Siirler.Biz

Kadın ve Erkek

Allah dünyada uyumun sağlanabilmesi için her şeyi zıttı ile yaratmıştır diye önceki yazılarımda bahsetmiştim. Mesela; uzun olduğu için kısa da vardır. Veya çirkin olmasaydı güzel de olmayacaktı. Çünkü bir şeye güzel diyebilmemiz için o şeyden daha çirkininin olması lazımdır ki biz çirkin ile güzeli kıyaslayıp, bu şuna göre daha güzel diyebilelim. Zıtlıklar bir araya gelerek orta yolu bulmamızı sağlar. Mesela bir uzun bir de kısa boylu kalemimiz var bunlar arasında kalan kaleme biz orta boylu kalem deriz.İşte ben kadın ve erkeğinde yukarıda verdiğim örnekler gibi olduğunu düşünüyorum. İkisi birbirlerine göre zıt kutuplardır bu yüzden birbirlerini çekerler. Ve birleştiklerinde birbirlerinin eksiklerini kapatarak orta yolu bulmayı sağlarlar. Kadın ve erkek; ikisi de insandır, bazı hakları vardır, bu hakların yanında ikisinin de sorumlulukları vardır ve ikisi de insanlığın devamını sağlamak için cinsiyetlere ayrılmış birer bireydirler. Allah insan adındaki varlığın özelliklerini cinsiyetler arasında paylaştırmıştır. Erkekte olmayan özellikleri kadına, kadında olmayan özellikleri ise erkeğe vermiştir işte bu yüzden birleştikleri zaman birbirlerini tamamlıyorlar. Hani bazı insanlar derler ya : “ Erkekler daha üstündür, ne bileyim şudur, budur” hayır. Erkek ve kadın kendi alanında ötekinden üstündür. Allah ikisini de dünyadaki yaşama göre farklı alanlarda güçlü yaratmıştır. Kadın olmazsa erkek, erkek olmazsa kadın eksik kalır. Bu ikisi bir araya gelince eksik parça tamamlanır. Ve işte bu durumda birbirlerine karşı olan hak ve sorumluluklarını yapma mecburiyeti doğar. Aslında, kadın ve erkek birbirlerini ahrete hazırlayan yol arkadaşıdırlar. Çünkü ahrette dünyada yaptıklarından dolayı hem kadından hem de erkekten hesap sorulacaktır. Bu yüzden ahret yolunda yol arkadaşı olan bu farklı cinsiyete sahip insanlar birbirlerine ihanet, zulüm, haksızlık, kötülük vb etmeyecek, bu sıkıntıları, engelleri çok olan yolda birbirlerinin elini tutacaklardır. Kadın erkeğe karşı olan sorumluluklarını yerine getirecek, erkek de kadına karşı olan sorumluluklarını yerine getirecektir. Kadın ve erkek bir araya gelerek birbirlerinin eksik parçalarını kapatıyor olsalar da her ikisi de ayrı birer bireydir. Her kul Allah’ın yarattığı mahluka karşı saygılı olmak zorunda olduğu için kadın ve erkek de aile içinde bu zorunluluğu unutmamalıdır.

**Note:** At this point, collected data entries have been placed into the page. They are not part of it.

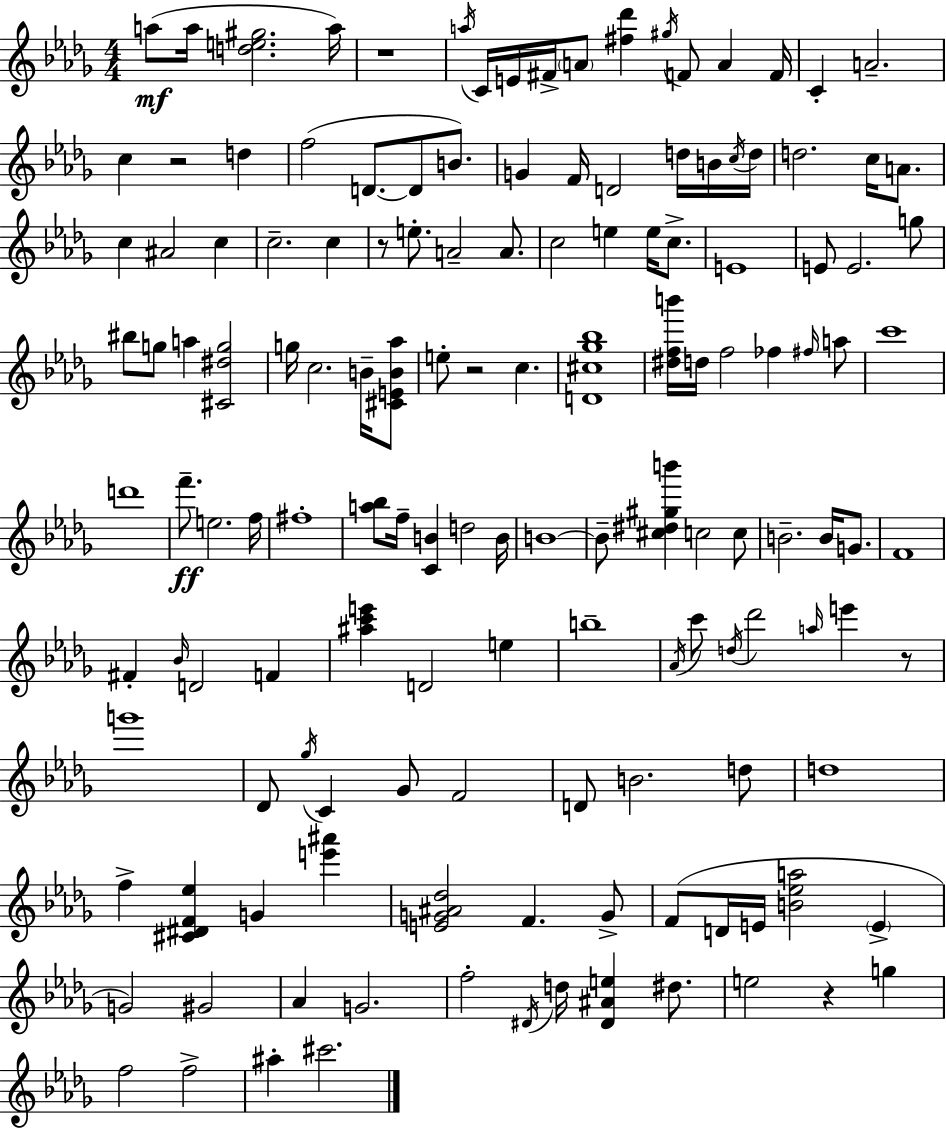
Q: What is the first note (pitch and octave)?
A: A5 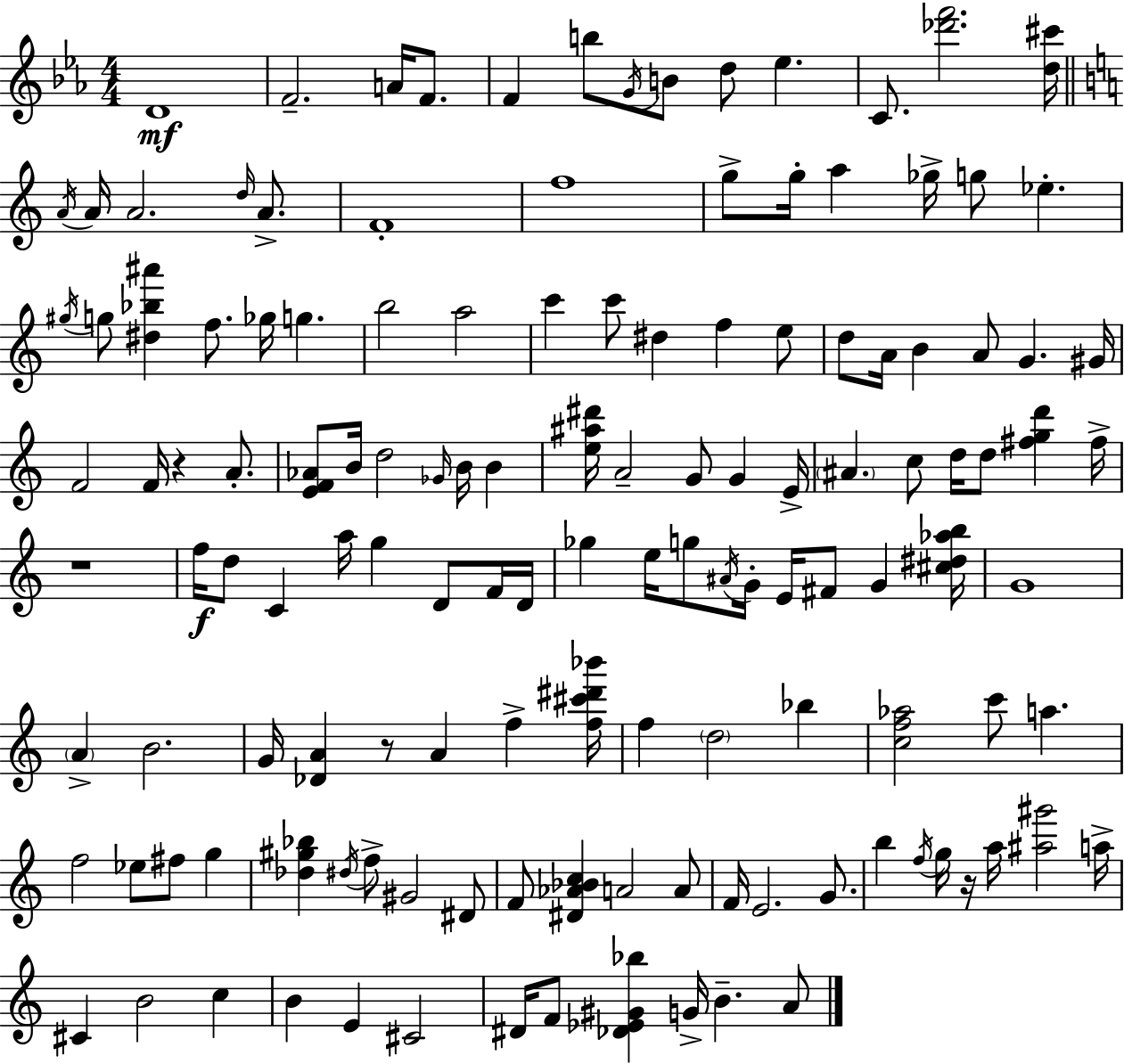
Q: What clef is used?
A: treble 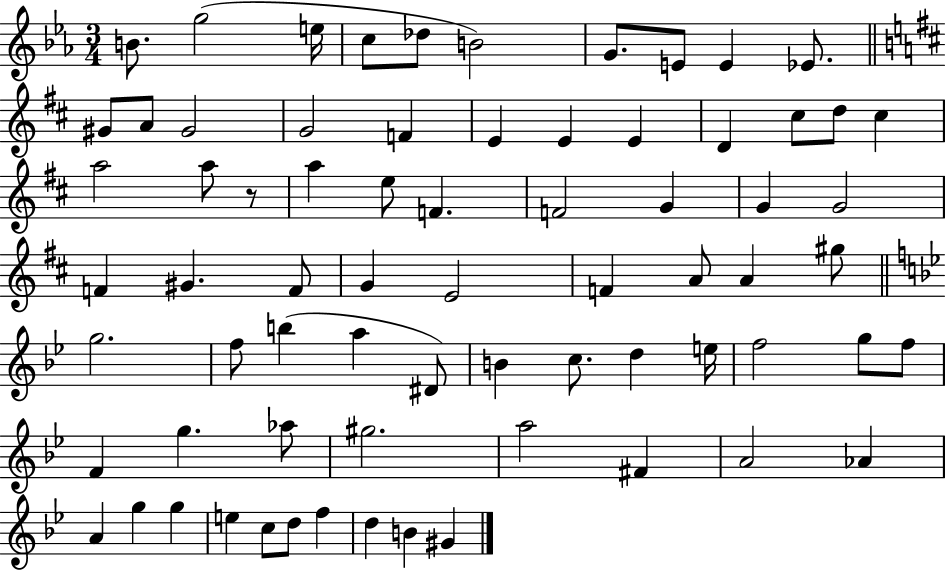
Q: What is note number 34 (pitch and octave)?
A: F4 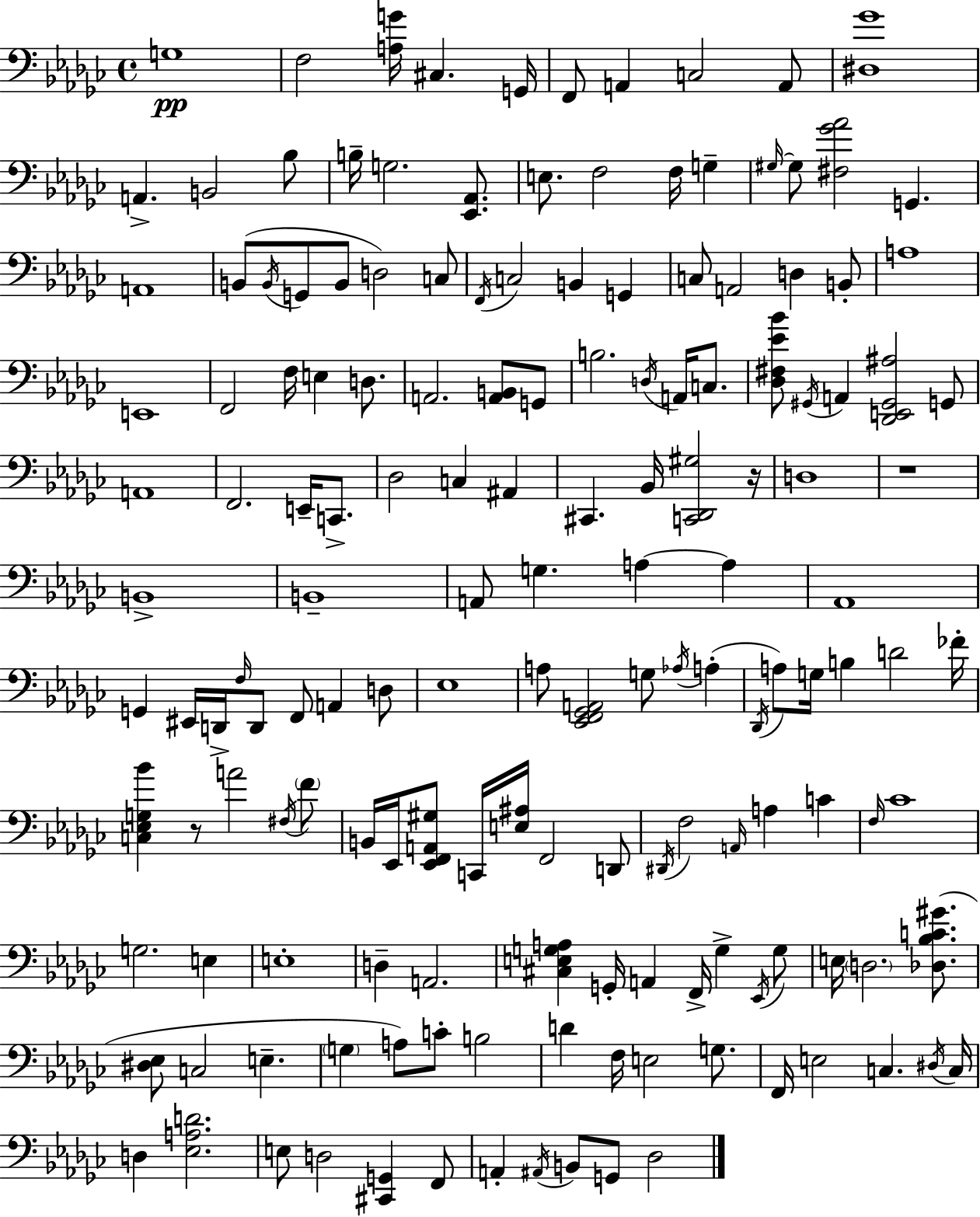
G3/w F3/h [A3,G4]/s C#3/q. G2/s F2/e A2/q C3/h A2/e [D#3,Gb4]/w A2/q. B2/h Bb3/e B3/s G3/h. [Eb2,Ab2]/e. E3/e. F3/h F3/s G3/q G#3/s G#3/e [F#3,Gb4,Ab4]/h G2/q. A2/w B2/e B2/s G2/e B2/e D3/h C3/e F2/s C3/h B2/q G2/q C3/e A2/h D3/q B2/e A3/w E2/w F2/h F3/s E3/q D3/e. A2/h. [A2,B2]/e G2/e B3/h. D3/s A2/s C3/e. [Db3,F#3,Eb4,Bb4]/e G#2/s A2/q [Db2,E2,G#2,A#3]/h G2/e A2/w F2/h. E2/s C2/e. Db3/h C3/q A#2/q C#2/q. Bb2/s [C2,Db2,G#3]/h R/s D3/w R/w B2/w B2/w A2/e G3/q. A3/q A3/q Ab2/w G2/q EIS2/s D2/s F3/s D2/e F2/e A2/q D3/e Eb3/w A3/e [Eb2,F2,Gb2,A2]/h G3/e Ab3/s A3/q Db2/s A3/e G3/s B3/q D4/h FES4/s [C3,Eb3,G3,Bb4]/q R/e A4/h F#3/s F4/e B2/s Eb2/s [Eb2,F2,A2,G#3]/e C2/s [E3,A#3]/s F2/h D2/e D#2/s F3/h A2/s A3/q C4/q F3/s CES4/w G3/h. E3/q E3/w D3/q A2/h. [C#3,E3,G3,A3]/q G2/s A2/q F2/s G3/q Eb2/s G3/e E3/s D3/h. [Db3,Bb3,C4,G#4]/e. [D#3,Eb3]/e C3/h E3/q. G3/q A3/e C4/e B3/h D4/q F3/s E3/h G3/e. F2/s E3/h C3/q. D#3/s C3/s D3/q [Eb3,A3,D4]/h. E3/e D3/h [C#2,G2]/q F2/e A2/q A#2/s B2/e G2/e Db3/h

Kadın ve erkeğin bir araya gelip birbirlerini tamamladıklarını söyledik. Peki bu bir araya gelme nasıl olacak? Eğer bu iki insan birbirlerinin ahrete giden yol arkadaşı olduklarını düşünebilirlerse tabi ki de ahlaka ve dine uygun olan en güzel yol ile birleşecekler. Yani evlilik ile. Günümüzde evlilik olmadan yakınlaşan çift sayısı gün geçtikçe artıyor. Bu durumda birçok açıdan olumsuzlukları peşinde getiriyor. Çünkü insanoğluna bir akıl verildi. Bir gurur verildi. İnsan yaşamında her şeyin bir adabı vardır. Mesela günümüzde çok yaşanan bir durumu anlatmak istiyorum. Gençler, evlenmeden önce “çıkma” adını verdikleri kapalı zinayı gerçekleştirmektedirler. Bir kız evlenmeyeceğini bildiği halde bir erkek ile sevgili olup, onun ellerinden tutup, nefsini tatmin ediyorsa o kız evleneceği kişiyi yani ahret arkadaşını şimdiden aldattığını unutmasın. Çünkü sevgili deyip nefsini çürüttüğü o insanla yaşadıklarını evlendiği zaman da hatırlayacaktır. Belki o kişinin kokusu teninden düşecektir ama yaşananlar gönülde hala tütecektir. Ve bu kişi gençlikte kocasını aldatmış olmanın verdiği sıkıntı ile yaşayacaktır. Bu durum erkekler için de geçerlidir. Hiçbirimiz cennetteki huriler veya gılmanlar değiliz. Yani dünyaya birbirimizle gönül eğlendirmeye, geçici sevdalarla nefsimizi tatmin etmeye gelmedik. Allah bizi birbirimize ahret yolunda yol arkadaşlığı yapmak için kadın ve erkek diye cinsiyetlere ayırdı. Zamanı geldiğinde yol arkadaşımızı seçip, onunla yola devam etmeliyiz. Biz kimseye kendi yol arkadaşımıza göz diktirmeyiz. Kimsenin de yol arkadaşına (eşine) göz dikmemeliyiz, bu durum hem bizim hem de karşı tarafın ahretini büyük tehlikeye atar.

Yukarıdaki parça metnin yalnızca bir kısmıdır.